> _INPUT MATERIAL_:
------------------------------
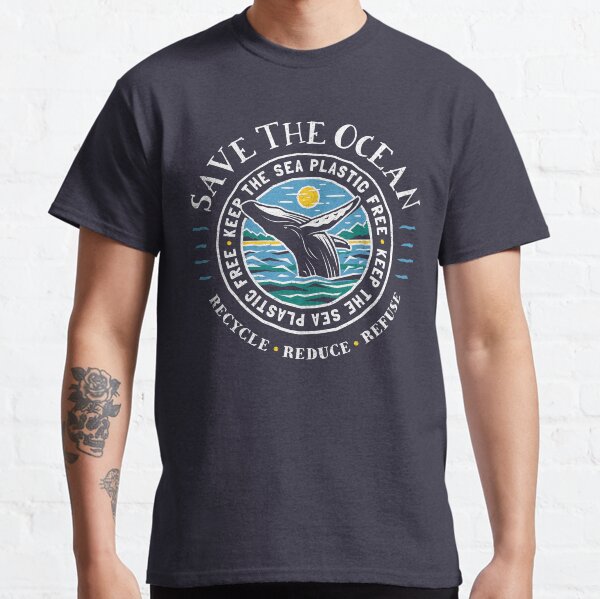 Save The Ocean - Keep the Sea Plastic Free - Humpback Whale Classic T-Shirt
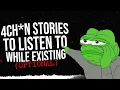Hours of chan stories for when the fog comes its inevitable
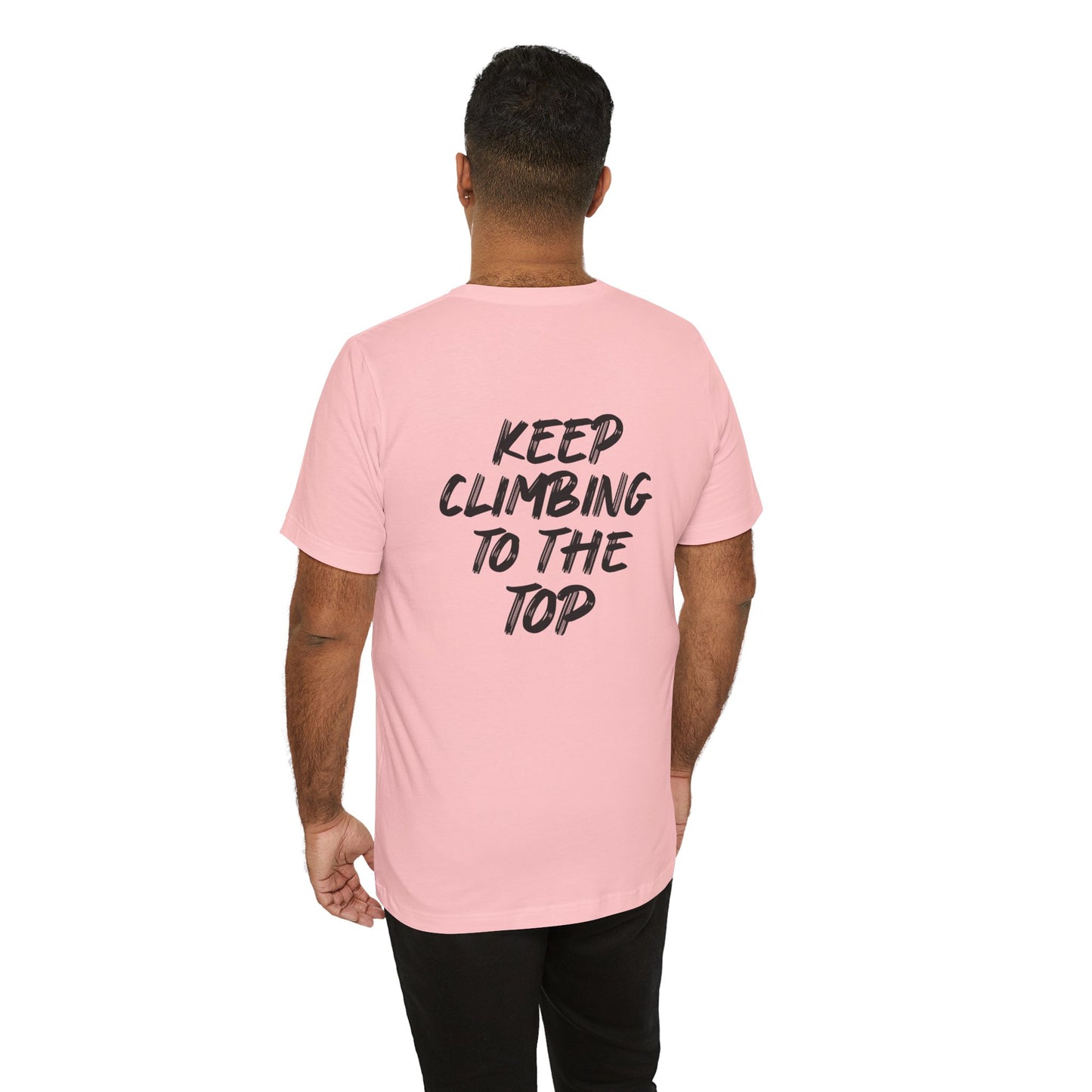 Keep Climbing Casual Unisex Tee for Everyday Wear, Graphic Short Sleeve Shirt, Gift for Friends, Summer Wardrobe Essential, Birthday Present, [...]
------------------------------
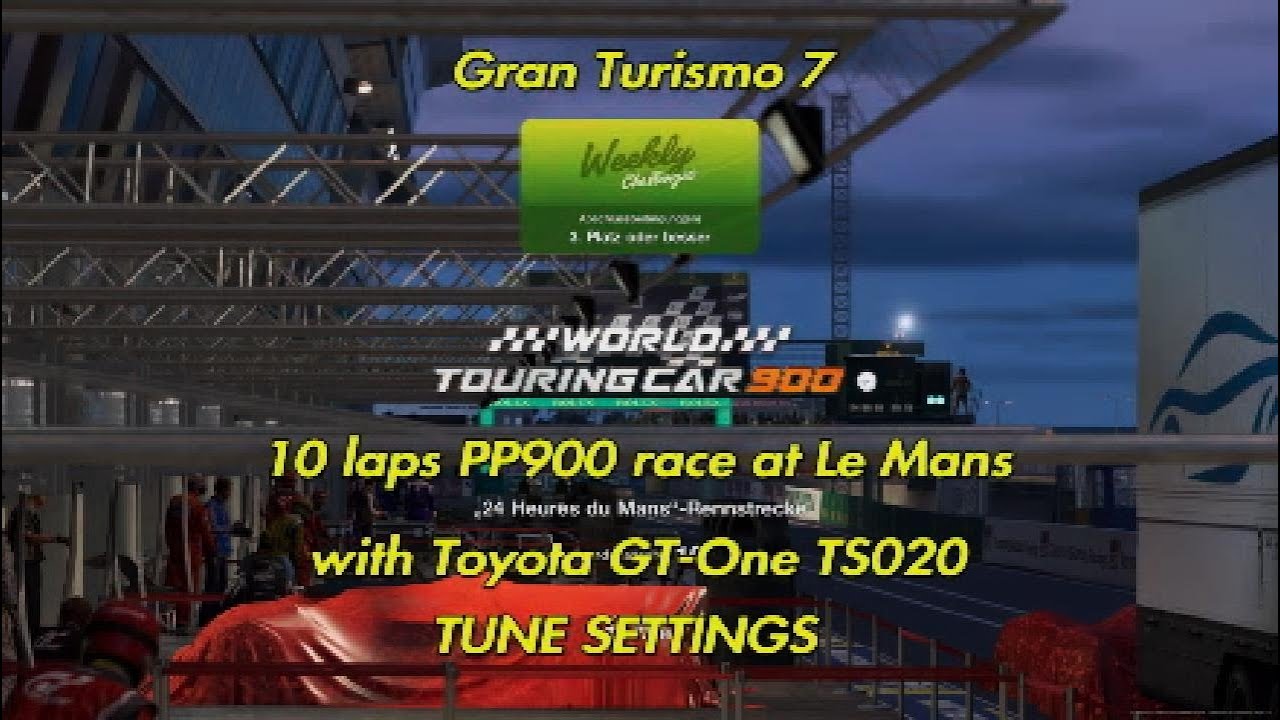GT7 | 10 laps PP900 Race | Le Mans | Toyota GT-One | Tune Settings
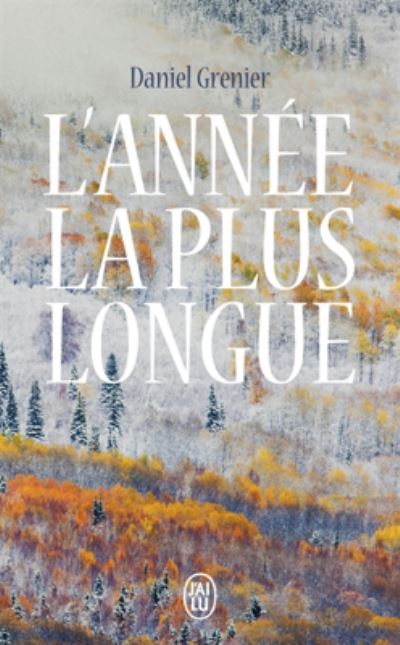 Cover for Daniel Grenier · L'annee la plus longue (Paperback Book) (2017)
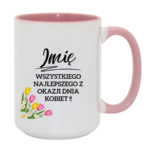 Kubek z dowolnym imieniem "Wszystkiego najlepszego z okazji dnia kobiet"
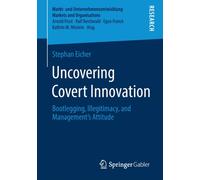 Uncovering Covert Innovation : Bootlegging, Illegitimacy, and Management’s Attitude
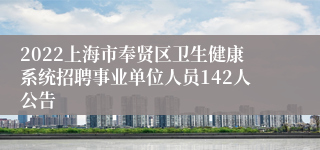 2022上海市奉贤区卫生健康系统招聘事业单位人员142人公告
------------------------------
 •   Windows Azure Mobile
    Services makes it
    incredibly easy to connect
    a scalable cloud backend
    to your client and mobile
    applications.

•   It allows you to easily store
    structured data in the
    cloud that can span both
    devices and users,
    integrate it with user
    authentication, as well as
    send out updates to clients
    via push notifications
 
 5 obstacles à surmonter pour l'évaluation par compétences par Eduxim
------------------------------
> _TASK OBJECTIVE_:
Only one part of the material above is wanted: the lines from the one with "Save The Ocean" up to and including the one with "Keep Climbing Casual". Please copy them exactly, pictures left out.

> _TASK ANSWER_:
 Save The Ocean - Keep the Sea Plastic Free - Humpback Whale Classic T-Shirt
Hours of chan stories for when the fog comes its inevitable
 Keep Climbing Casual Unisex Tee for Everyday Wear, Graphic Short Sleeve Shirt, Gift for Friends, Summer Wardrobe Essential, Birthday Present, [...]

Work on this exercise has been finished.